To the Shareholders of Community BancShares, Inc.:

You have previously received a letter dated June 8, 1998 from Management and
will shortly receive Management's proxy statement. If you have previously
returned our proxy card, thank you! We appreciate your support and you do not
need to do anything further. If you have not yet returned our proxy card we
encourage you to do so. In any event, please do not return Management's proxies
until you have had the opportunity to review our rebuttal of their proxy
statement. This rebuttal will be mailed to you within the week. Our rebuttal
will address, point-by-point, any allegations and claims made by Management. Our
rebuttal will also reveal the numerous instances wherein Management has acted
contrary to the best interest of the shareholders.

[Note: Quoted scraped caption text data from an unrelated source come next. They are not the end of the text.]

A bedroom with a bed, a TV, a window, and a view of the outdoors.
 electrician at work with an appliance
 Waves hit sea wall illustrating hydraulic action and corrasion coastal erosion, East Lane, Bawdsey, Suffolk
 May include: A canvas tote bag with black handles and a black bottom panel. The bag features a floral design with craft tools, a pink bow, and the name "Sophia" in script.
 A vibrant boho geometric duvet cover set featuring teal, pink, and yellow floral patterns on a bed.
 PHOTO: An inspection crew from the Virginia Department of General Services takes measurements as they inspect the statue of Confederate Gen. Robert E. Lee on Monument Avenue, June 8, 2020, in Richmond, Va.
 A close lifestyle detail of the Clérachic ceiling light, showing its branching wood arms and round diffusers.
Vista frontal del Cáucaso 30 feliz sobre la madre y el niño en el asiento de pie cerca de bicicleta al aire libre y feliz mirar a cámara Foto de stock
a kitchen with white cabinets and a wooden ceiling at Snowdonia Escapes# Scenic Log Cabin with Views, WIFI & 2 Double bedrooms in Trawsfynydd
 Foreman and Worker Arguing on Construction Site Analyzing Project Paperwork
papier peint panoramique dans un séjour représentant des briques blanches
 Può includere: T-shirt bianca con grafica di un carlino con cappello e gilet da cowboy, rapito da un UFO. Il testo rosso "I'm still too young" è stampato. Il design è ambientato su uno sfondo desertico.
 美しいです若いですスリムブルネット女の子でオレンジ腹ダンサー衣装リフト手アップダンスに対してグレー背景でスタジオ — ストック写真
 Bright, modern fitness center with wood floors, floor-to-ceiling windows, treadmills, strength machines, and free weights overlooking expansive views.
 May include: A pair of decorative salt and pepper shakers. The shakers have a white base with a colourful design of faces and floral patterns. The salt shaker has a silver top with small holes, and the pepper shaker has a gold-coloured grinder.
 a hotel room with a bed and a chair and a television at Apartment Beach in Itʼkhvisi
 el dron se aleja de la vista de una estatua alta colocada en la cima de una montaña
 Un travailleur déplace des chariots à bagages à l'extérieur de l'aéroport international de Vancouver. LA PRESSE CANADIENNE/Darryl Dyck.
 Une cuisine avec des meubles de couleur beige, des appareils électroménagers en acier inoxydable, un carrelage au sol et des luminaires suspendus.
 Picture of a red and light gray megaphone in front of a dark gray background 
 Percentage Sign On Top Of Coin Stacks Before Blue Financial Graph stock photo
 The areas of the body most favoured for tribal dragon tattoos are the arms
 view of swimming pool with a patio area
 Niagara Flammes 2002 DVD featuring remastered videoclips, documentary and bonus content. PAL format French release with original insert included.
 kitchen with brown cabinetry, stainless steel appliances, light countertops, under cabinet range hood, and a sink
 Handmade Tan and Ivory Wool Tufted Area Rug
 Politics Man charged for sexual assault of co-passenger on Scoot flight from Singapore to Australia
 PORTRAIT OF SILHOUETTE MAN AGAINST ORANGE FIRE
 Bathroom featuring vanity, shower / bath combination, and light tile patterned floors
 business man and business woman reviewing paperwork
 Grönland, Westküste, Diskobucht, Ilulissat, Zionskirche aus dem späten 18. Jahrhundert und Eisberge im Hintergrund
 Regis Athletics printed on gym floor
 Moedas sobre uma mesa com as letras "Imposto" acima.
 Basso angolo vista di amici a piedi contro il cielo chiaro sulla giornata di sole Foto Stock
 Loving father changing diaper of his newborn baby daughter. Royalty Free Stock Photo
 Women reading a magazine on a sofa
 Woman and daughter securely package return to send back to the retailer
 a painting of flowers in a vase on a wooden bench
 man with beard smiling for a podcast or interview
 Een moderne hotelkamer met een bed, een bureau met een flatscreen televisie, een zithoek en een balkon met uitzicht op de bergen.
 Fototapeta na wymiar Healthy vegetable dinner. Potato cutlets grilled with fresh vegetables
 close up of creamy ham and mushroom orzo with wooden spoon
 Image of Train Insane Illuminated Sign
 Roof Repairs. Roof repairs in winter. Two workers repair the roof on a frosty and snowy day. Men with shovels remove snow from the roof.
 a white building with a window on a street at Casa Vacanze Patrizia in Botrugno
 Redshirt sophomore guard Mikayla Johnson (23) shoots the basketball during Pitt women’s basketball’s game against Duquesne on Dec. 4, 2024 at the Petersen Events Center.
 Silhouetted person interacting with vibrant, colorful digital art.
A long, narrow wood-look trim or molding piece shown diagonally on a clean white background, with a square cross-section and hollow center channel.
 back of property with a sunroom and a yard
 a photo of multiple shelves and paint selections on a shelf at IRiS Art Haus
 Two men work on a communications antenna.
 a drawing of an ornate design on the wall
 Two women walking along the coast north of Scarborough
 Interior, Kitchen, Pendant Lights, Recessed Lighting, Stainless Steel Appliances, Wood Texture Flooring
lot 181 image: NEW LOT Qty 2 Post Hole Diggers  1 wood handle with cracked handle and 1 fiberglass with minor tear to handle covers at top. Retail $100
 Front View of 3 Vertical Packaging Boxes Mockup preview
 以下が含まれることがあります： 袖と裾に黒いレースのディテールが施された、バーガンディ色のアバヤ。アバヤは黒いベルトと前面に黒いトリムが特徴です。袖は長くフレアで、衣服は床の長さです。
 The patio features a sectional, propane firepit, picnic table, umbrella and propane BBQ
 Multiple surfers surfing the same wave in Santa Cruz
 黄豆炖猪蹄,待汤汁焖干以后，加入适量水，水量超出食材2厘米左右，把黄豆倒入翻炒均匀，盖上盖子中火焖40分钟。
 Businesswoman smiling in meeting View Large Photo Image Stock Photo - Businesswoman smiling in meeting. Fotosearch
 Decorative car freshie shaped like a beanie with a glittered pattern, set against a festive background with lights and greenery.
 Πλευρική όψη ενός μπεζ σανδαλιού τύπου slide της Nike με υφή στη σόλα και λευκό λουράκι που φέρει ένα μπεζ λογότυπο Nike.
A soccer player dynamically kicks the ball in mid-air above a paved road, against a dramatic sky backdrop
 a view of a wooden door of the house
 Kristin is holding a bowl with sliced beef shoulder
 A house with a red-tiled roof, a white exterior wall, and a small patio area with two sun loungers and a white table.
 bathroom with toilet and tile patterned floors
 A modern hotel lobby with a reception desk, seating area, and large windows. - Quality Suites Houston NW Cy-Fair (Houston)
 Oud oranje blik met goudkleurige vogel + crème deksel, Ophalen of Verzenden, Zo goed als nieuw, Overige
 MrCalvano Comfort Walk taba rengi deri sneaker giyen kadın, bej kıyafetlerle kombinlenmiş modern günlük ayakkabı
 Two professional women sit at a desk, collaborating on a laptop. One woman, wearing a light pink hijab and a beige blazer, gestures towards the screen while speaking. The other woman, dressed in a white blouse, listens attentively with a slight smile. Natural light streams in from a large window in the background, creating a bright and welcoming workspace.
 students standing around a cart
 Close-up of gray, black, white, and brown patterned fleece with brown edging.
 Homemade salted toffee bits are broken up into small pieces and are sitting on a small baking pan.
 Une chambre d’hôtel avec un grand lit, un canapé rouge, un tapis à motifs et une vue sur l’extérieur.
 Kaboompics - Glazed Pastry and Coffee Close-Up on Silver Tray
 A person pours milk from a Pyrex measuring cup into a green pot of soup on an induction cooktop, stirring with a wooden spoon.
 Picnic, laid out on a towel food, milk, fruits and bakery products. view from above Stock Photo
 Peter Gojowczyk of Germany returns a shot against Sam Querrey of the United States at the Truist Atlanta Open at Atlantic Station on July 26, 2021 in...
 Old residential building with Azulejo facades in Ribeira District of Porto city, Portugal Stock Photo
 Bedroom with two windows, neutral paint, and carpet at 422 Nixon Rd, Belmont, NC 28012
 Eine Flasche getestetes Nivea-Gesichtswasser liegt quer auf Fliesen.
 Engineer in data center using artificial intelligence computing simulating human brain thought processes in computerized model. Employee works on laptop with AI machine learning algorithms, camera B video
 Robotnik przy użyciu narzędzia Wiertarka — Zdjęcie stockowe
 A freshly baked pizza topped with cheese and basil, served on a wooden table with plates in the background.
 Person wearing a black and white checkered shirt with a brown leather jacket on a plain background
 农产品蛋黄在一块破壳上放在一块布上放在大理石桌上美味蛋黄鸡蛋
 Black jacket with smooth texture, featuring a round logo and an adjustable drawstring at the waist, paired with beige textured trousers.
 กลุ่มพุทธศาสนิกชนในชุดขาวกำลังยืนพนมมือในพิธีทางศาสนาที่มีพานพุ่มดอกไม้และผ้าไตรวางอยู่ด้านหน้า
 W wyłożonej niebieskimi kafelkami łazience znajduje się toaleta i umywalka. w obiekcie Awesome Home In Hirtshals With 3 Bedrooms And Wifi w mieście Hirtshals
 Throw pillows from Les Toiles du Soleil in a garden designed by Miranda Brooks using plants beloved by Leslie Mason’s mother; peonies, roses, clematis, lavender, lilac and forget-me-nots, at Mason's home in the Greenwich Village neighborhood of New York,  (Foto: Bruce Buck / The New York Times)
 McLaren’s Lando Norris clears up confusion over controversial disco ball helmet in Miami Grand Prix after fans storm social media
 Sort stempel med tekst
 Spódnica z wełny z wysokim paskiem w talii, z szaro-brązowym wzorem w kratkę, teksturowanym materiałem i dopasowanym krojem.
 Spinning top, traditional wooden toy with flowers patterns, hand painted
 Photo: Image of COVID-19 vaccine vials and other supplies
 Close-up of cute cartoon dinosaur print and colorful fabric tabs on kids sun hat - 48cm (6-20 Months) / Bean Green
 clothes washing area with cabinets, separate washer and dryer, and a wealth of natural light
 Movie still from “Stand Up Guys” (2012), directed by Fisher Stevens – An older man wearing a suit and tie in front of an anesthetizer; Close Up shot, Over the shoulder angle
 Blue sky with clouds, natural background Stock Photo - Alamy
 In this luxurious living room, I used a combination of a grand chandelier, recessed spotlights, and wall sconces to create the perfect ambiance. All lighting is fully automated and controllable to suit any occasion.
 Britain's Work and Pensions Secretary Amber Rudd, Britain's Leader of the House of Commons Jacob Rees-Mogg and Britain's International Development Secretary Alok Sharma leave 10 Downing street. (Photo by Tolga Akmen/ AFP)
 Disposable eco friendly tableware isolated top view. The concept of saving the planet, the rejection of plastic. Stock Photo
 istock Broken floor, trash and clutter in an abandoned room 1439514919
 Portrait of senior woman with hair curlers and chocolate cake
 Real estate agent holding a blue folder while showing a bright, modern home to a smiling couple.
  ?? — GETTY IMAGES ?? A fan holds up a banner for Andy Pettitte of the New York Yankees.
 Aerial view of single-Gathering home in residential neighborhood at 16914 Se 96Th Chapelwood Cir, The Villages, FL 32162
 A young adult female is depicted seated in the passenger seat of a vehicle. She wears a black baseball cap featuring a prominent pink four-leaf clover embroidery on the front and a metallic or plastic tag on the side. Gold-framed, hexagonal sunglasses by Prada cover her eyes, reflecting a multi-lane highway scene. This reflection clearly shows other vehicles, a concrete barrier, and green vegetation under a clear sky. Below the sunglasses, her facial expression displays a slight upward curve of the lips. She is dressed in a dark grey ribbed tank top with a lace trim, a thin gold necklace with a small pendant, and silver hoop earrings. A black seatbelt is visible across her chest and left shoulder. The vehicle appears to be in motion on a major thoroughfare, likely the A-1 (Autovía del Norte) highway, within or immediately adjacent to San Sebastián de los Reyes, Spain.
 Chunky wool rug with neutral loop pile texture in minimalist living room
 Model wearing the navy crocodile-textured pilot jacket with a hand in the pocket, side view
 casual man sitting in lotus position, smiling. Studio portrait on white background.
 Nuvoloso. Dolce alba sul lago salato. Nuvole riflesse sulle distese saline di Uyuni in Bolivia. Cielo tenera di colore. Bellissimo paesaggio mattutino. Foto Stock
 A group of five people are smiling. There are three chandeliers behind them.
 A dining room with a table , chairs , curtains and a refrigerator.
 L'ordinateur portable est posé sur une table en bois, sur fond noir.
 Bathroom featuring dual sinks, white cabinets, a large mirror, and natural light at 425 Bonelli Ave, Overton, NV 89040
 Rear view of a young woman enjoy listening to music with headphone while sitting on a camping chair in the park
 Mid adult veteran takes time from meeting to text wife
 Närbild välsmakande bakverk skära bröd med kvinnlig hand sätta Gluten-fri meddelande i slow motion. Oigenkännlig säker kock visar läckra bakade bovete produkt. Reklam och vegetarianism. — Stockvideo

In Management's letter of June 8, 1998, they only show only that net income for
1997 was $628,122 and that this was a 79% increase over 1996. They don't address
the fact that net income in 1996 was a disappointing $350,969, which equaled a
return on equity of 5.2%. They further ignore the fact that $9,740,000 of your
equity was required to earn $628,122 in 1997. This means the return on your
equity was only 6.46% for all of 1997. We will send you an independent financial
newsletter which will show that the average return on equity for other North
Carolina banks is 12 to 14 percent, more than double the performance of
Community BancShares, Inc.

If the majority of the Board of Directors believe that this is an outstanding
job, then in the opinion of the Committee for Shareholder Interest these
directors and Management must be educated to the requirements of today's market.
We are committed to the maximization of shareholder value and believe that
return on equity is a key measurement of financial performance and that the
first step in improving performance is to realize when it needs improving.

WE REMAIN COMMITTED TO MAXIMIZING SHAREHOLDER VALUE AND WILL CONTINUE OUR
EFFORTS IN THAT DIRECTION AND OUR EFFORTS TO REMIND MANAGEMENT THAT THE
SHAREHOLDERS ARE THE ONES WHO OWN THE COMPANY.